Чудесное у него – не бегство от действительности, от натурального, а
художественный принцип заострения ситуации, раскрытия характера в необычных,
экстремальных положениях. Исследователи баллад творчества Жуковского (Р.В.
Иезуитова, Л.Н. Душина) убедительно показали стремление поэта в балладах
«ощутить жизнь на ее отлете от обыденного и передать те грани бытия, которые не
ощутишь, пользуясь привычной логикой реальности» [18, с. 13].
В системе романтического
двоемирия Жуковского чудесное не столько «заостряло разрыв фантастического и
реального» [18, с. 13], сколько расширяло «представление о сфере необычного,
исключительного, рассматривая невероятное, фантастическое, как некий особый,
«предельный» случай этого исключительного». [20, с. 155]. Именно с этим связано
такое свойство балладной поэтики Жуковского, как зыбкость состояний,
переходность явлений.
С другой стороны, этим же
определяется и атмосфера неистовости, экстремальности в природе и человеческом
поведении. Характерно, что чудесное способствует универсализации ситуации.

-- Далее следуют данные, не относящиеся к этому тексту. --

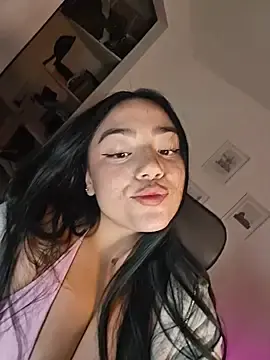 Stripchat Adult Webcams of helena_smith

Общая сумятица жизни подчеркивается особенно частым в словаре баллад выражением
«все». «Все погибло», «все прости, всему конец» («Людмила»), «все в обители
Приама возвещало брачный час», «все окрест очарованье», «все утихло», «все
предчувствуя и зная» («Кассандра»), «пусто все вокруг», «все утихло», «все в
глубоком сне», «все блестит» («Светлана»), «лишь Гелиос то зрел священный, Все
озаряющий с небес», «И все, и все еще в молчанье», «все поколебалось» («Ивиковы
журавли») и т.д. «Все» в балладах – указание на всеобщность, космичность
происходящего, говоря словами Гоголя, обозначение «целокупности бытия» и вместе
с тем это своеобразное уравнивание в правах обычного, тихого состояния мира и
вздыбленного, фантастического напряжения. Возникает состояние всеобщей
фантасмагории, повышенной психологической возбудимости. Жуковскому важнее всего
показать страсть на пределе человеческих возможностей, раскрыть ее «высший
градус», напряжение. Поэтому космическое «все» постоянно взрывается изнутри
неожиданными вторжениями случайности или жалобами на одиночество. Сочетания
«все тихо… - вдруг…» и «все окрест очарование – я одна мертва душой», «нелюдима
и одна, я одна мечты лишена» содержательно значимы.
Возникает важное для
балладного мира Жуковского состояние подвижности, движения в неподвижном мире.
Мотив неистового полета приобретает поистине космические масштабы. Уже не
только «мчатся шумною толпой жены, гады обручены..» и «шумят веселыя воины», но
и «скачут мимо них рядами Рвы, поля, бугры, кусты», «с громом зыблются мосты».
Глаголы «мчатся», «скачут», «несутся», «шумят» не просто нарушают тишину, но и
фиксируют словно процесс столкновения закономерного и случайного, рационального
и чувственного, всеобщего и индивидуального. Жуковскому, действительно, удается
передать такое состояние мира, когда «как будто бы удар землетрясенья»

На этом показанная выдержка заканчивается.